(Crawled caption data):
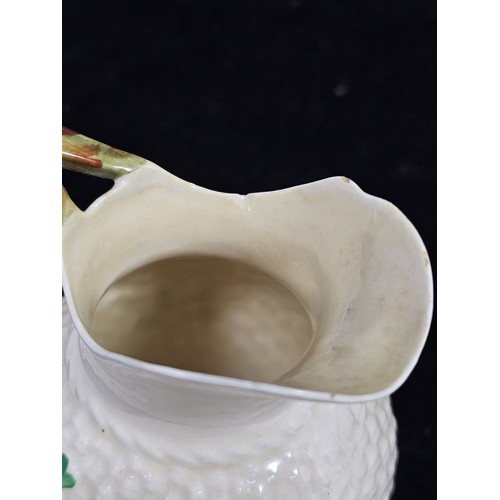 190 - A collection of 7 pieces of Belleek items, to include 3 cups with the iconic clover leaf design and ... 
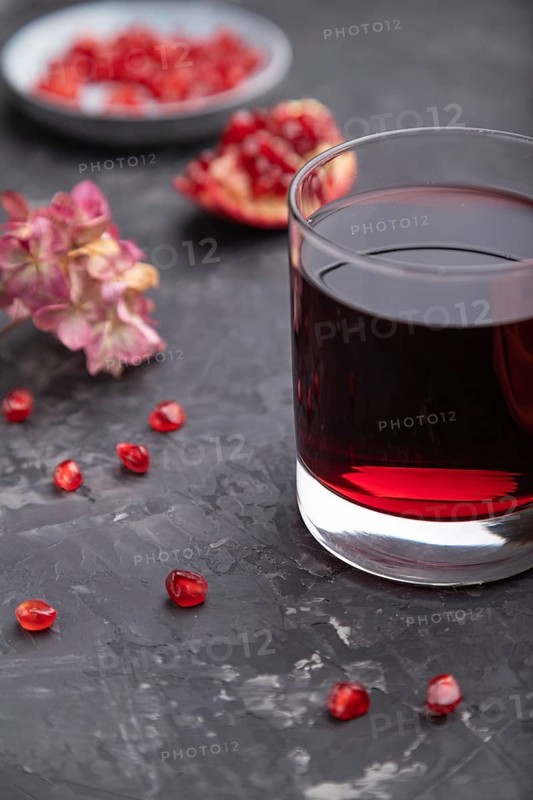 Glass of pomegranate juice on a black concrete background with red textile. Side view, close up, selective focus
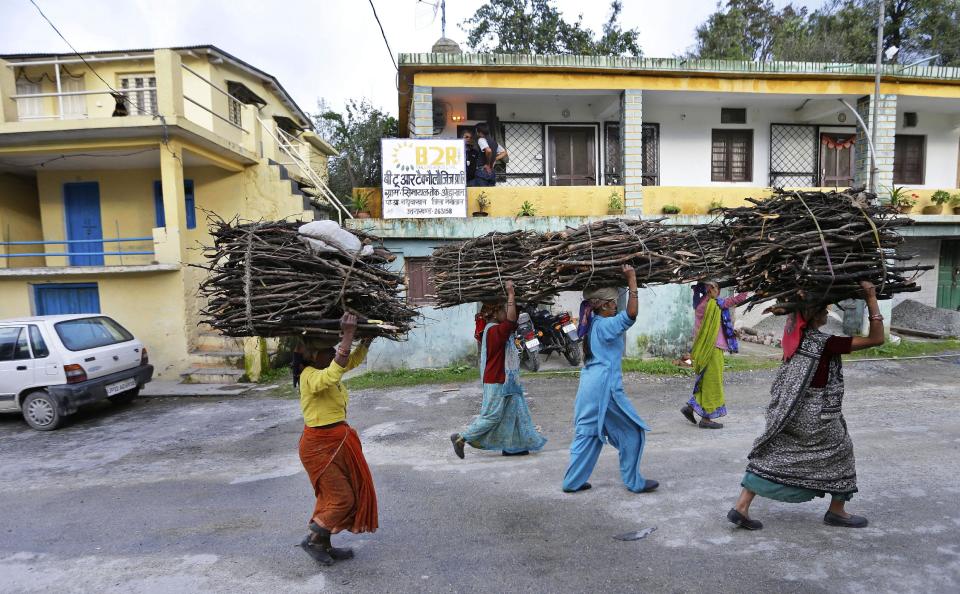 In this Aug. 23, 2012 photo, women carrying bundles of wood on their head walk past the offices of B2R in Simayal, India. Before B2R arrived in Simayal, local women had little option but to marry right out of school, and educated young men had to travel far to seek respectable jobs. (AP Photo/Saurabh Das)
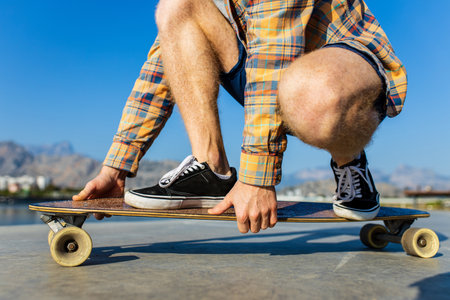close up photo of man skateboarding near river at sunny summer dayの写真素材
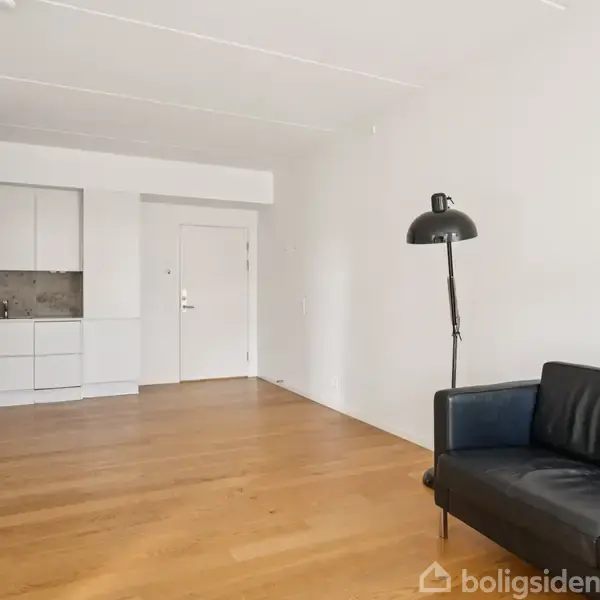 Sort sofa står stille i et lyst rum med trægulv. Til højre en buet standerlampe. Baggrunden viser et lille køkken og en hvid dør.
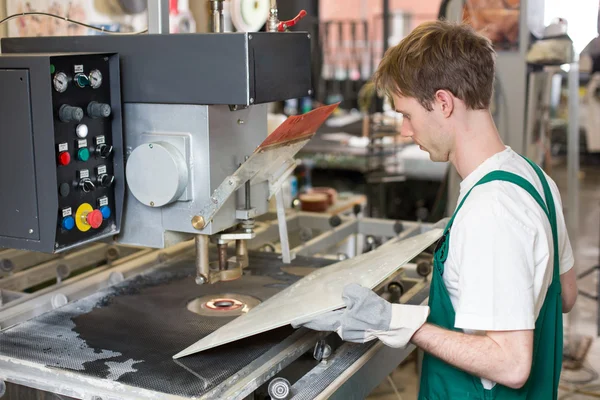 Worker operates glass drilling machine — Stock Photo, Image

(Exercise directions): An acceptable answer consists of the lines above from the one holding "Sort sofa står" to the end of the data, repeated exactly and containing no pictures.

(Task response):
 Sort sofa står stille i et lyst rum med trægulv. Til højre en buet standerlampe. Baggrunden viser et lille køkken og en hvid dør.
 Worker operates glass drilling machine — Stock Photo, Image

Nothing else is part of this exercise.